> Material for the task:
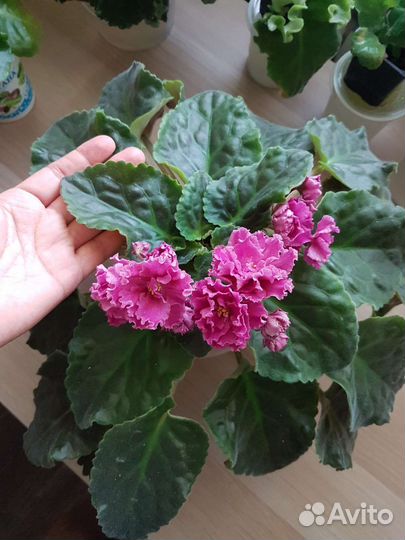 Фиалка рм-Фелисити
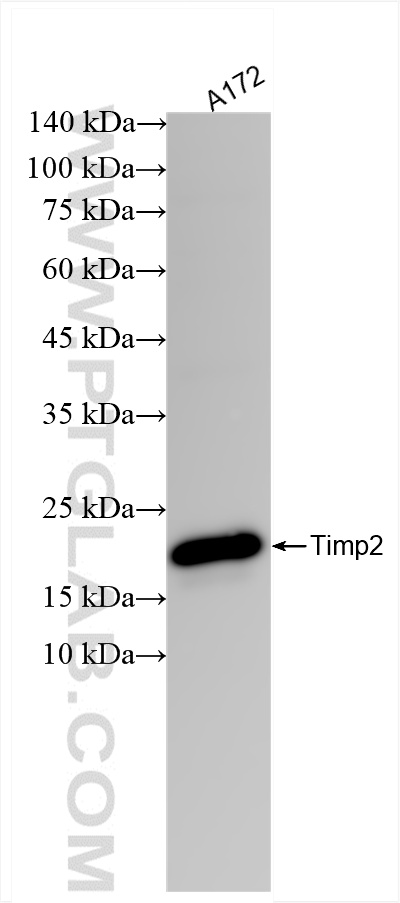 WB analysis of A172 using 85882-2-RR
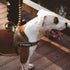 EXCELLENT ELITE SPANKER No Pull Dog Harness Padded Military Patrol Vest Adjustable Nylon Small Service Walking Harness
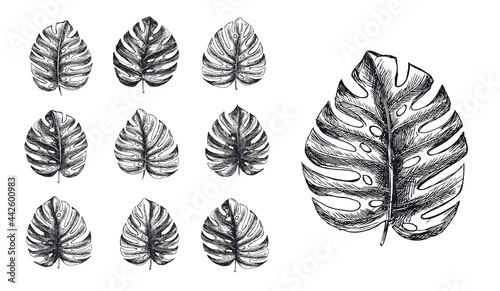Tropical leaves monstera set. Hand drawn illustration. 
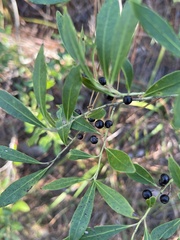 Ilex glabra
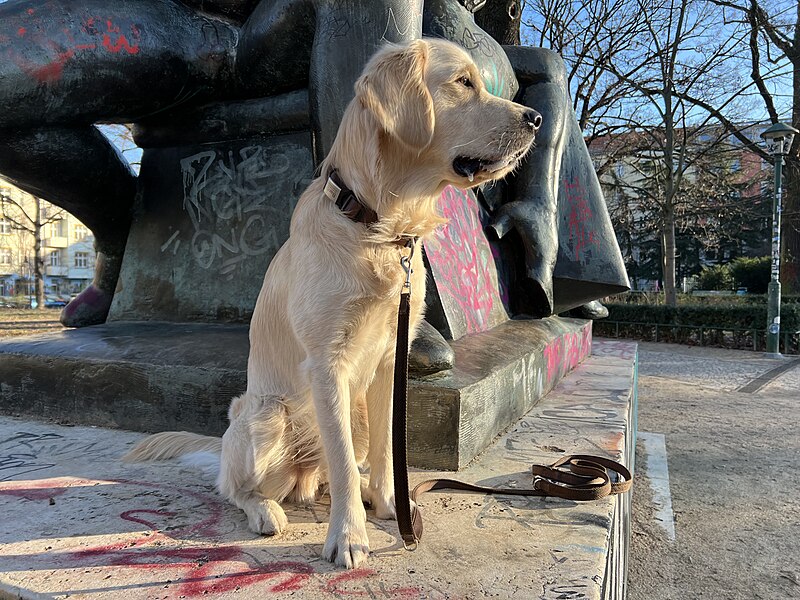 File:Berlin Arnimplatz lub 2023-01-19 img03 Golden Retriever.jpg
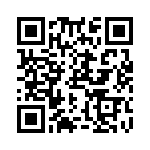 RN55E3091DRSL QRCode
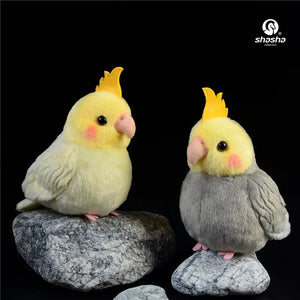 2 birds-1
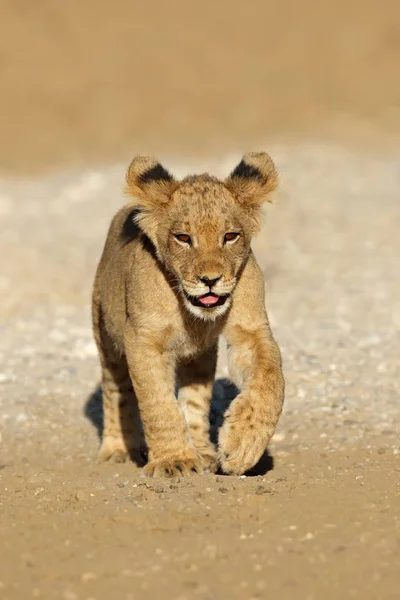 Pequeño Cachorro León Africano Panthera Leo Corriendo Desierto Kalahari Sudáfrica —  Fotos de Stock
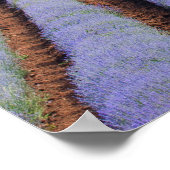 Lavendel Poster (Ecke)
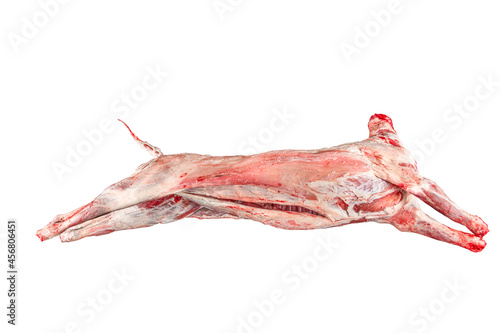 Lamb carcass on cutting table in butcher shop. Sheep carcass. Raw meat. Free space for text. Isolated on white background. photo
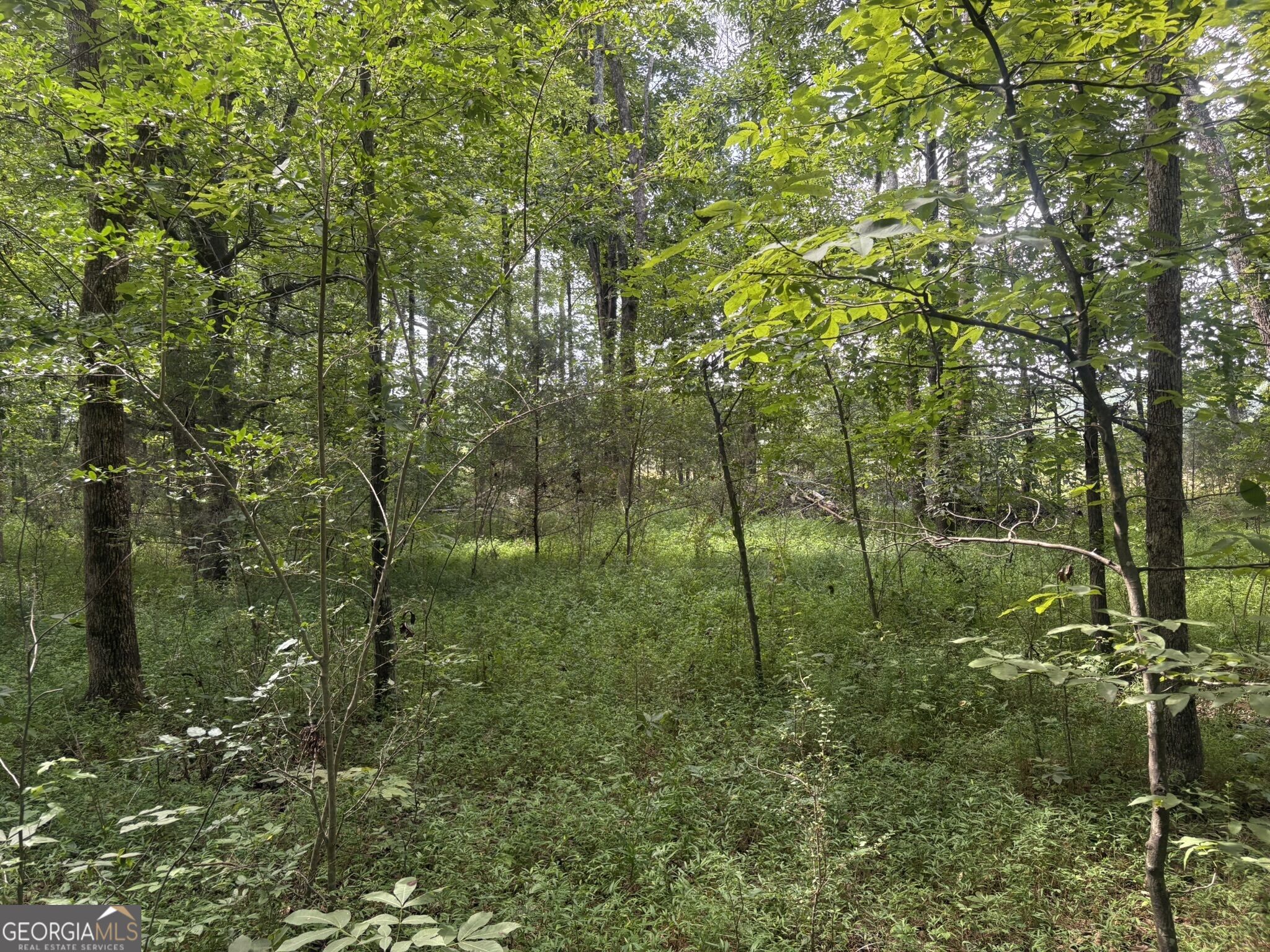 414 Echols Road Property Photo 16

> About this task: Reproduce the material exactly. Pictures stay out.

> Written solution:
 Фиалка рм-Фелисити
 WB analysis of A172 using 85882-2-RR
 EXCELLENT ELITE SPANKER No Pull Dog Harness Padded Military Patrol Vest Adjustable Nylon Small Service Walking Harness
Tropical leaves monstera set. Hand drawn illustration. 
 Ilex glabra
 File:Berlin Arnimplatz lub 2023-01-19 img03 Golden Retriever.jpg
 RN55E3091DRSL QRCode
 2 birds-1
 Pequeño Cachorro León Africano Panthera Leo Corriendo Desierto Kalahari Sudáfrica —  Fotos de Stock
 Lavendel Poster (Ecke)
 Lamb carcass on cutting table in butcher shop. Sheep carcass. Raw meat. Free space for text. Isolated on white background. photo
 414 Echols Road Property Photo 16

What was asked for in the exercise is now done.